The U.S. Federal Reserve is expected to keep interest rates unchanged on Wednesday, as policymakers monitor inflation and deliberate the timing of the first rate cut. The Federal Reserve has raised interest rates to a 23-year high of 5.25-5.50 percent as it aims to decrease inflation to its long-term target of two percent. Following a significant improvement in 2023 against rising prices, 2024 has proven more challenging.
Economic data
The U.S. saw a 0.10 percent increase in inflation in February to 3.20 percent. However, the unemployment rate has remained low at 3.9 percent, wage growth has eased, and economic growth for the final quarter of 2023 was better than expected. Those factors indicate that the U.S. economy is in good shape.

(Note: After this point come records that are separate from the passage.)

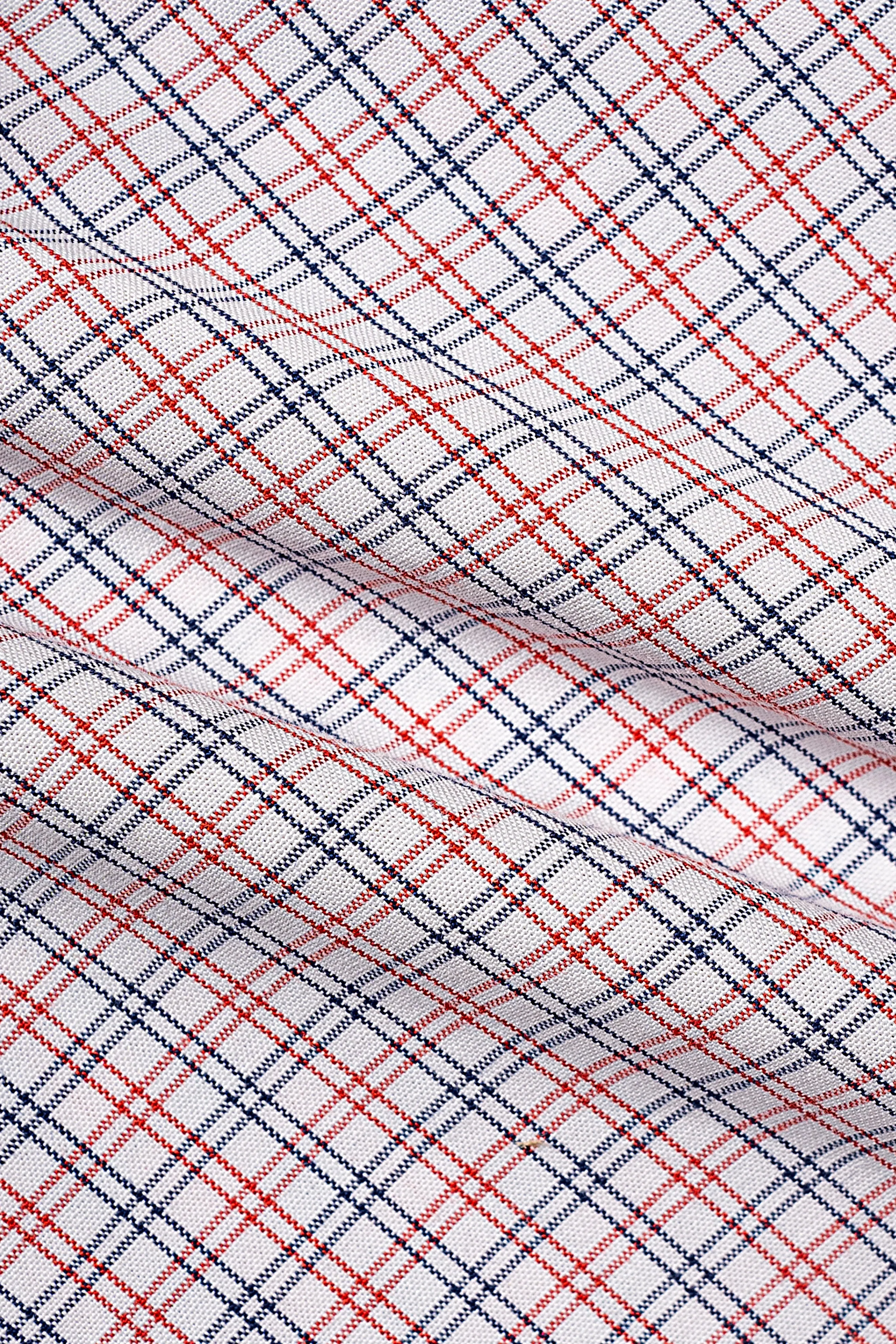 SEMI FORMAL NAVY RED CHECK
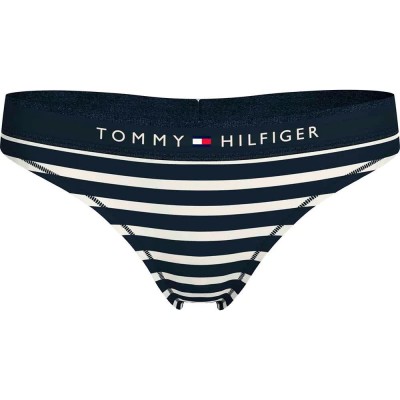 дамско,бельо,дамски,бикини,и,танкини,tommy,hilfiger,original,thong,blue,(dark,night,navy)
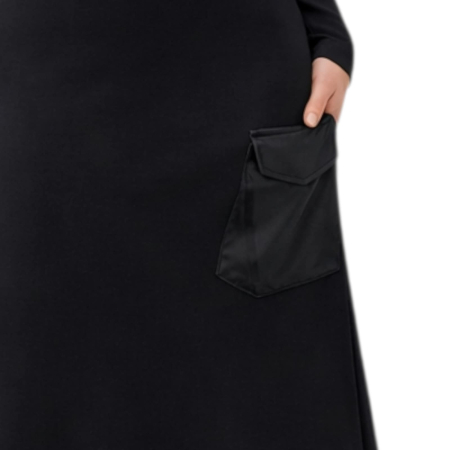 Rochie asimetrica din  bumbac si scai [3]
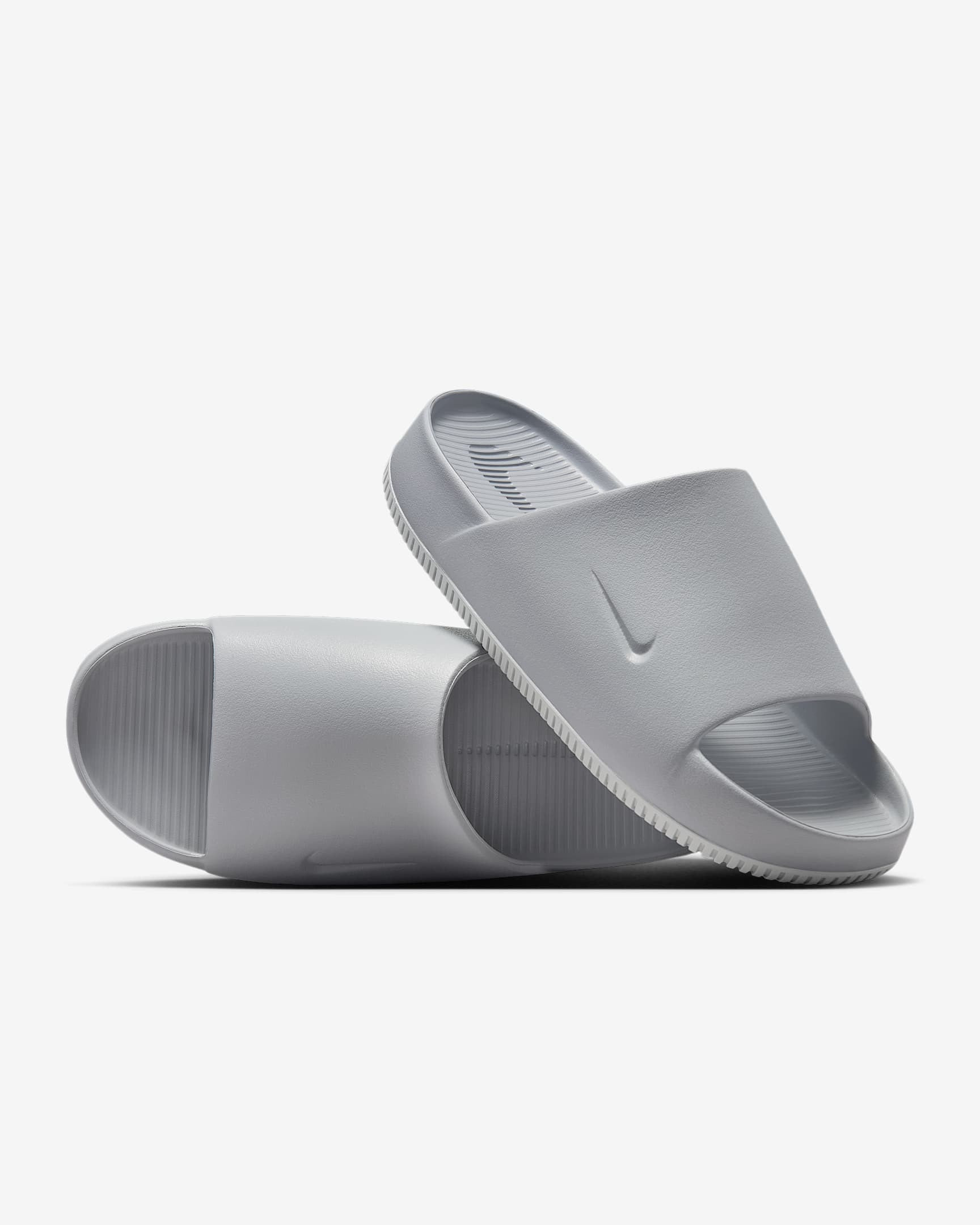 Тапочки чоловічі Nike Calm Slide Flat Pewter (FD4116-004) — фото 3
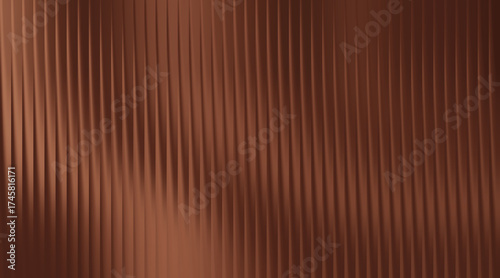 Warm Copper Tones on a Vertical Ribbed Texture abstract background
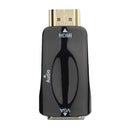 Portable HDMI To VGA Converter With 3.5mm Audio Cable - Black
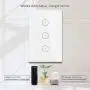 WiFi Smart Wall Touch Light Switch Glass Panel Wireless Remote Control by Mobile APP Anywhere Compatible with Alexa,Timing Function No Hub Required (Wall Switch 3 Gang) WiFi Smart Wall Touch Light Switch Glass Panel Wireless Remote Control by Mobile APP Anywhere Compatible with Alexa,Timing Function No Hub Required (Wall Switch 3 Gang)
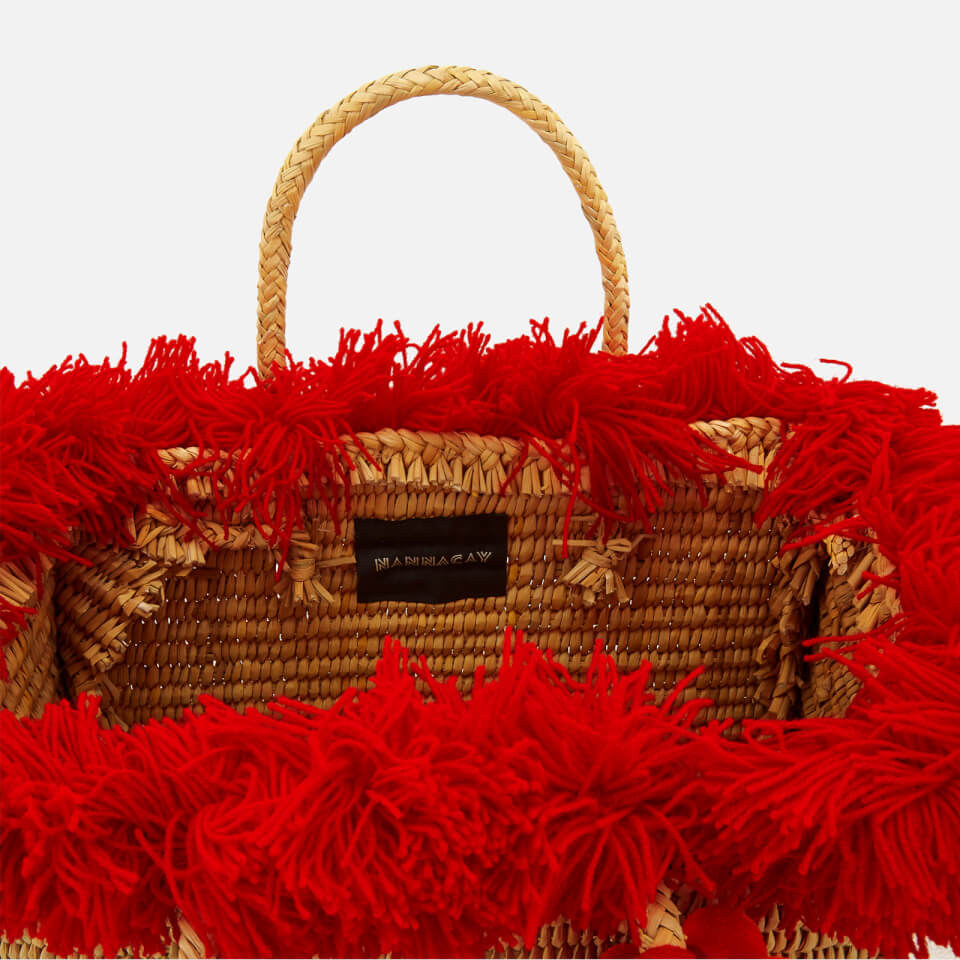 Nannacay Women's Xhios Tote Bag - Off White/Red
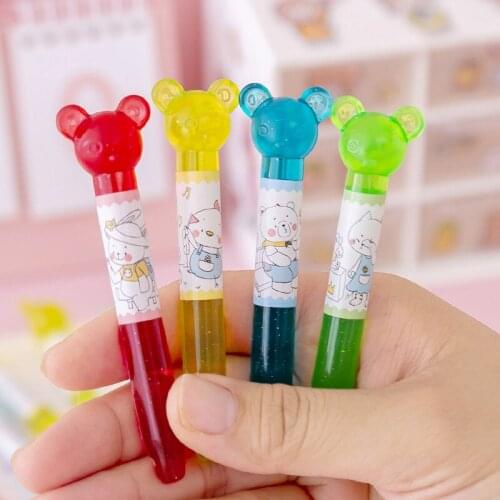 40pcs Cute Bear Eraser for Erasable Pen Cute School Supplies Student Stationery Erasable Pen Erasers Cool Prizes Wholesale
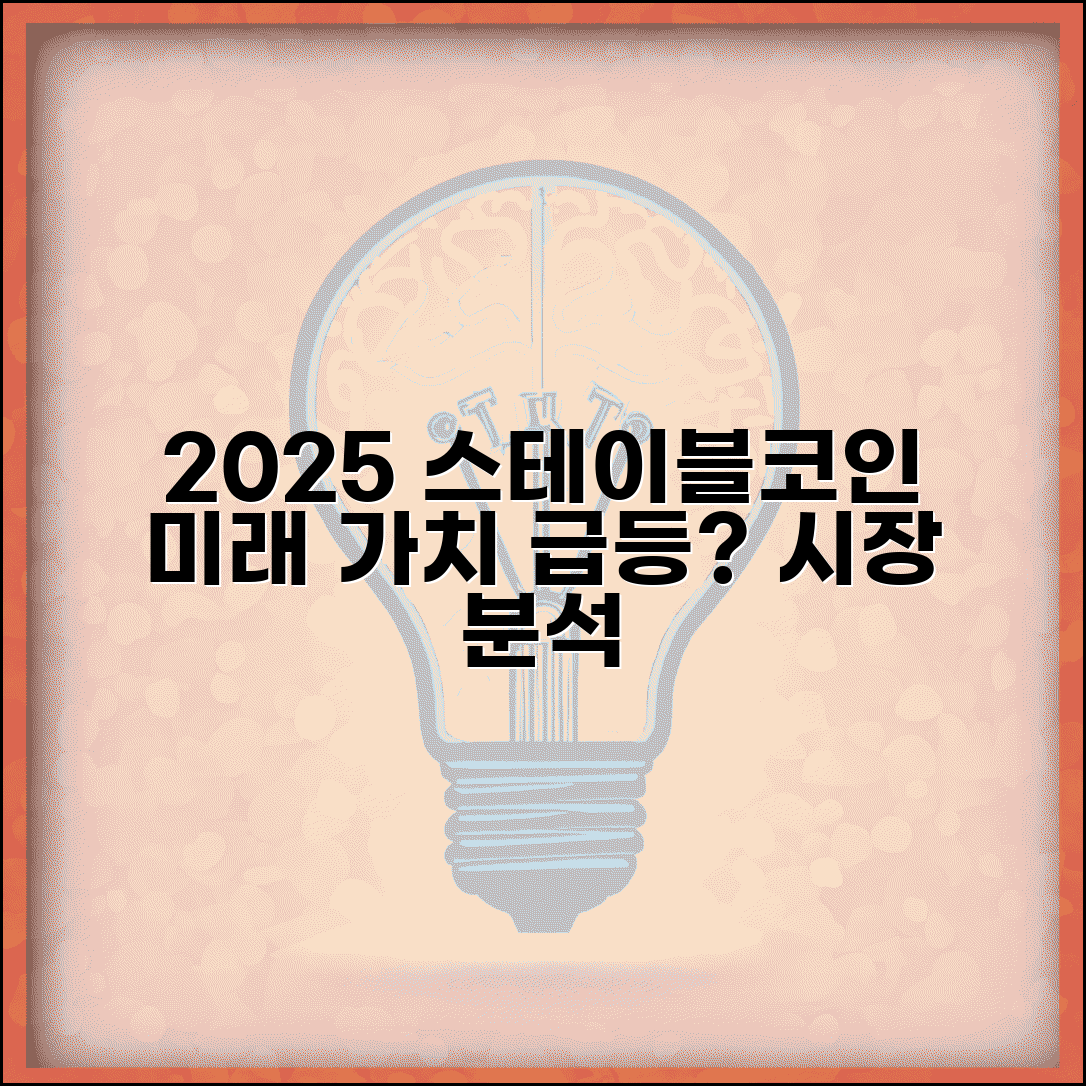 스테이블코인 전망 2025 시장 분석과 미래 가치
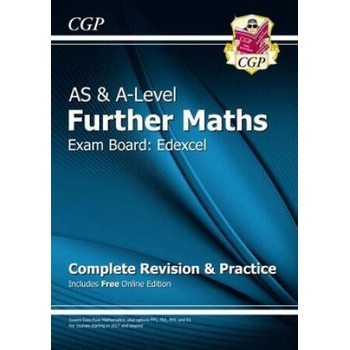 Image 1 of AS & A-Level Further Maths for Edexcel: Complete Revision & Practice with Online Edition | CGP Books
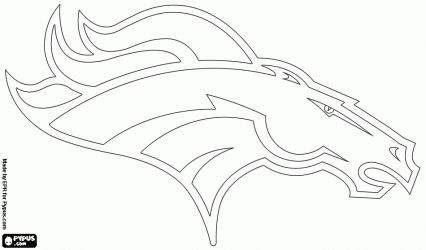 Denver broncos logo american football team in the afc western division denver colorado coloring pagâ denver broncos logo football coloring pages broncos logo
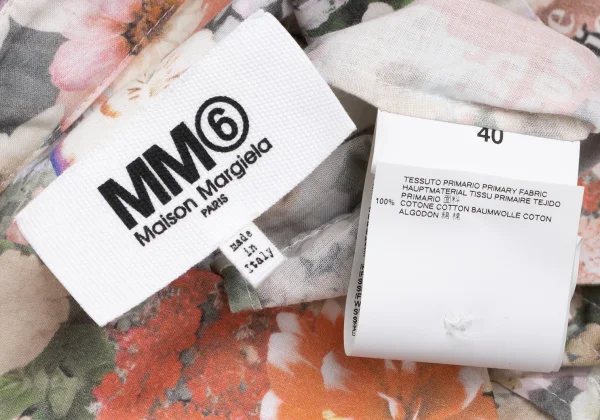 MM6 MAISON MARGIELA Floral Printed Asymmetrical Shirt K-165483_018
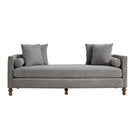 Upholstered Chaise Lounge Indoor With Nailheads, Sleeper Sofa Couch With 4 Throw Pillows & 2 Bolsters, Daybed With Rubberwood Legs - Furniture Home Direct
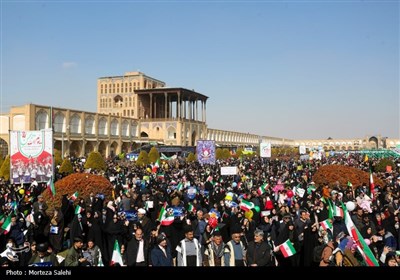 راهپیمایی 22 بهمن در اصفهان
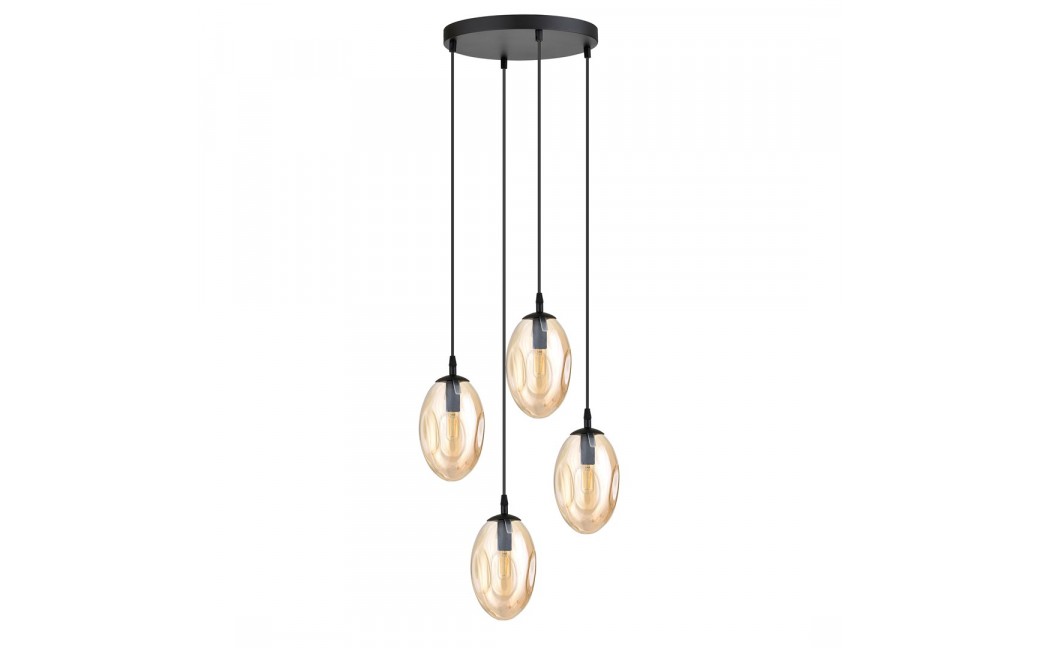 Emibig ASTRAL 4 BL PREMIUM MIODOWY Lampa wisząca Czarny 1267/4PREM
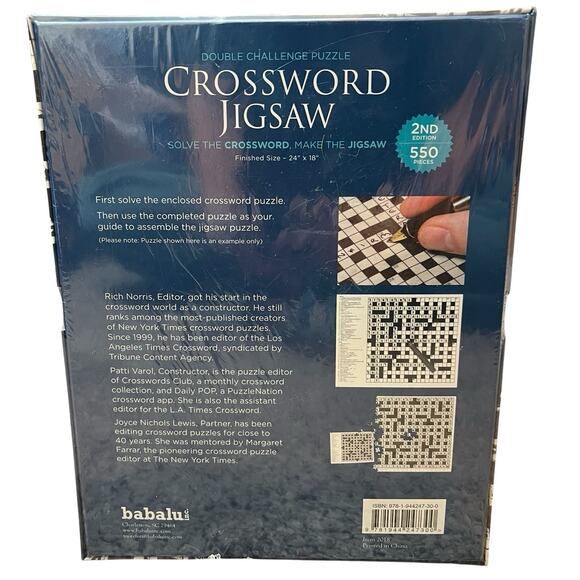 Crossword Jigsaw Puzzle 2nd Edition: 550 Pieces Game Brand NEW Sealed - Picture 2 of 2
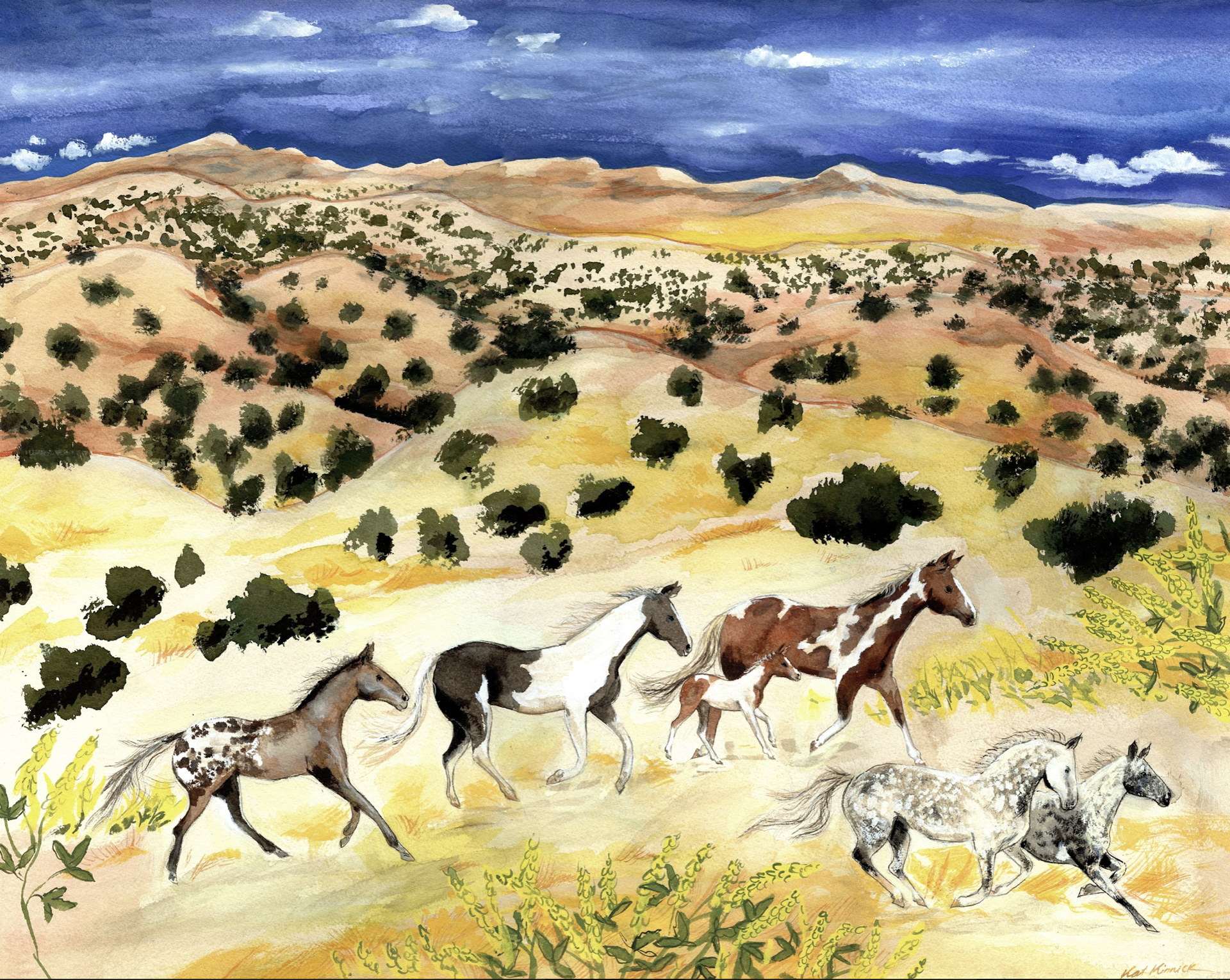 Wild Horses by Kat Kinnick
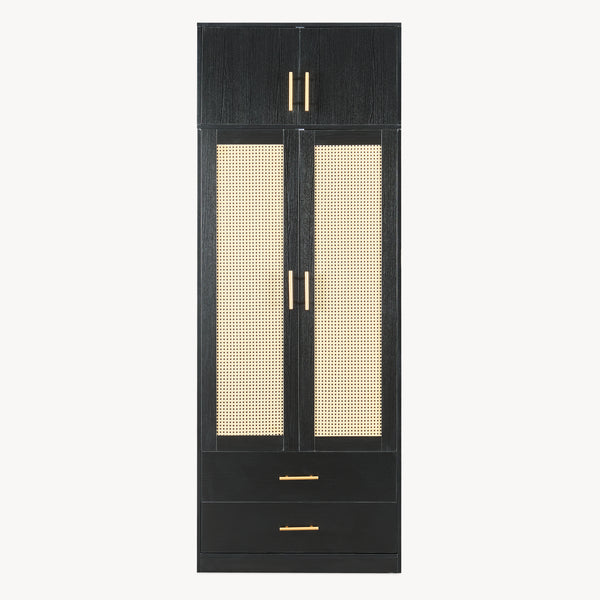 Garderobeskab Larundi 216x80x52 cm med 4 døre [en.casa]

Despite the improvement in some areas, U.S. consumer and producer inflation in February was slightly worse than expected. This signals a slowing in the pace of disinflation the U.S. saw in 2023 which gives the Federal Reserve a reason for caution in their decision to cut interest rates.
Interest rate expectations
The implied probability of a rate cut in June has decreased, driven by factors such as disappointing inflation data and a robust U.S. job market. Traders are currently pricing a 67 percent chance of an interest rate cut in June. Initially, the futures market indicated a high likelihood of a 25-basis point rate cut at the upcoming meeting. However, this probability has diminished substantially in recent weeks, reflecting the Federal Reserve’s stance against early and extensive rate cuts.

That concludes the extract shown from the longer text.